Medical Students Fear Reporting Needle Puncture
December 3, 2009
Medical students are among an underreported group of health care workers with a needle puncture during routine examination of patients. According to a Johns Hopkins University research survey of almost 700 medical school graduates training to be surgeons at 17 medical centers throughout the country, a staggering 59 percent suffered a needle puncture at some point while attending medical school.
This inadvertent needle puncture places not only the health care worker at risk of being infected with Hepatitis C or HIV, but also patients. The health care worker may have already contracted a disease and may infect the patient with a needle puncture to their skin from the same needle that already mad a puncture in the worker.
An estimated 800,000 accidental needle punctures and other injuries are reported by health care workers each year, but this doesn't include the unreported cases of medical students who have needle a puncture while they are training. The scary fact is that medical students are at an even higher risk of an accidental needle puncture because of the lack of experience and skill.
According to Martin A. Makary, MD, Associate Professor of surgery and health policy at Johns Hopkins, a culture has evolved at hospitals and medical schools for students that discourages them from reporting an accidental needle puncture and concurrently places them at high risk of an accidental puncture. This makes it easy to pick up diseases such as Hepatitis C and HIV for thousands of medical students.

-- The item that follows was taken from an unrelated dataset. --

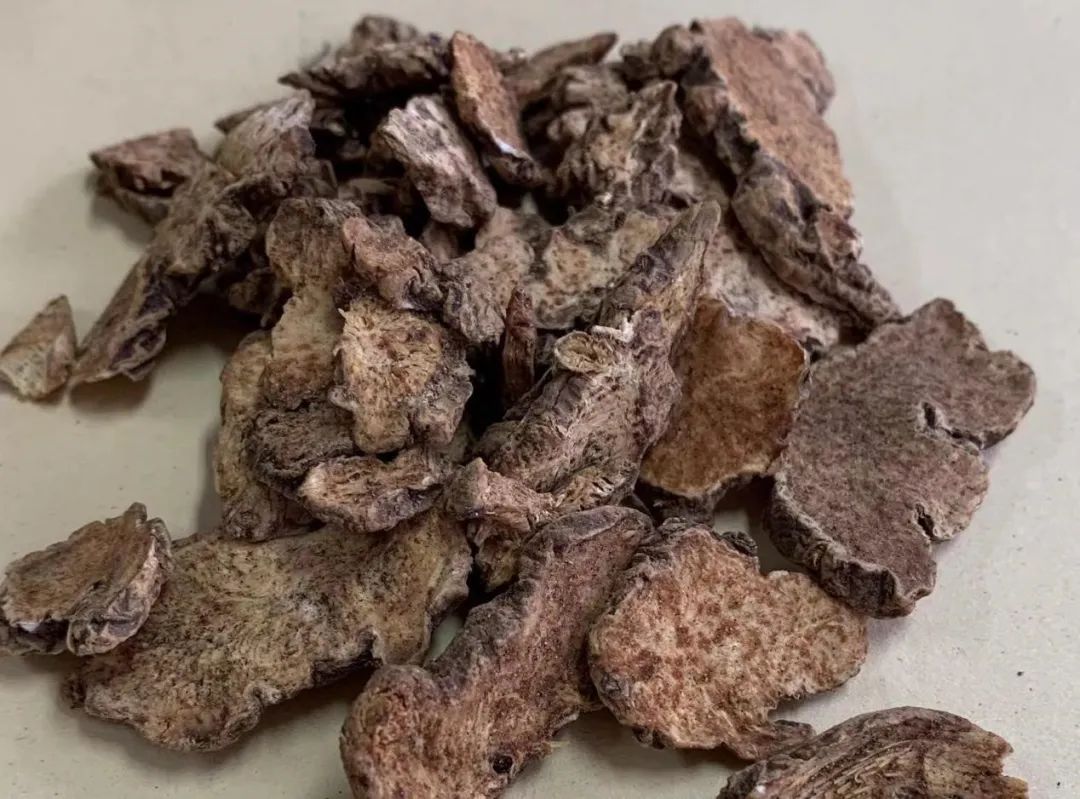 Weekly Herb Spotlight: Cang Zhu (Atractylodes)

Students are often reluctant to report an accidental needle puncture because of the excessive amount of time and paperwork required to make a report, and because they don't want their performance grade to be affected. However, medical students are often assigned mundane tasks such as administering needle puncture, intravenous lines, performing biopsies, and sewing incisions while they are still developing skills at handling a needle puncture.

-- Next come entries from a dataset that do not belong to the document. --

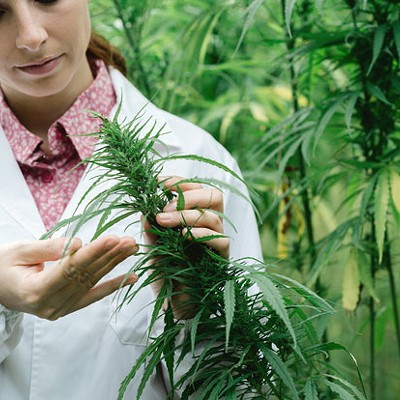 Skyrocketing Number of Cannabis Studies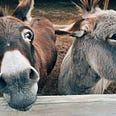 Two donkeys with their heads over a fence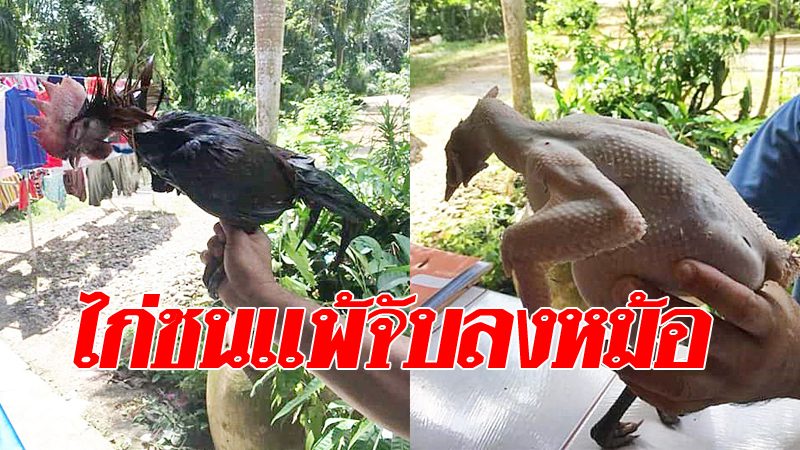 Về Luyện Gà Chọi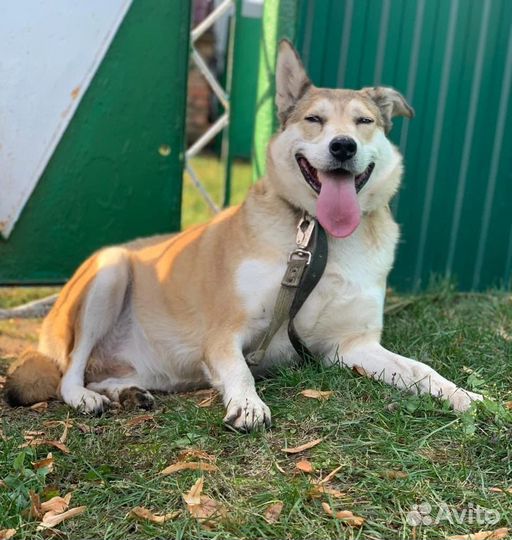 Собаки бесплатно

“Not only are we putting them at the front lines, but when they do sustain a needle stick we have a culture that does not encourage them to speak up and get the care they need,” said Dr. Makary.
“They're being evaluated for a grade which determines what job they get when they finish. It's easy to say that if you get a needle stick injury, take care of it. It's a different thing when you've got this system which puts undue pressure on them not to report.”
When students fail to properly report a needle puncture, they are preventing themselves from receiving early treatments that could help prevent the development of HIV or Hepatitis. Dr. Makary suggests that hospitals simplify the process of reporting a needle puncture and receiving treatment. Currently, workers who suffer from a needle puncture are required to submit extensive paperwork and obtain their supervisor's signature before they can receive treatment. Often, students are working a busy shift and it is difficult for them to find the time to file the puncture report.
Dr. Makary did cite an important advancement in hospitals and how they handle an accidental puncture to employees. John Hopkins is one of those hospitals that have begun using “sharpless surgery” practices which eradicate the use of sharp objects that may puncture the skin. Instead, surgeons utilize lasers to cut, glue for closing, marginally invasive ports for laparoscopic procedures and dull-tip needles to decrease the risk of an accidental puncture. Dr. Makary hopes to see more people using the new puncture prevention techniques and devices to ensure needle safety and to prevent an accidental puncture.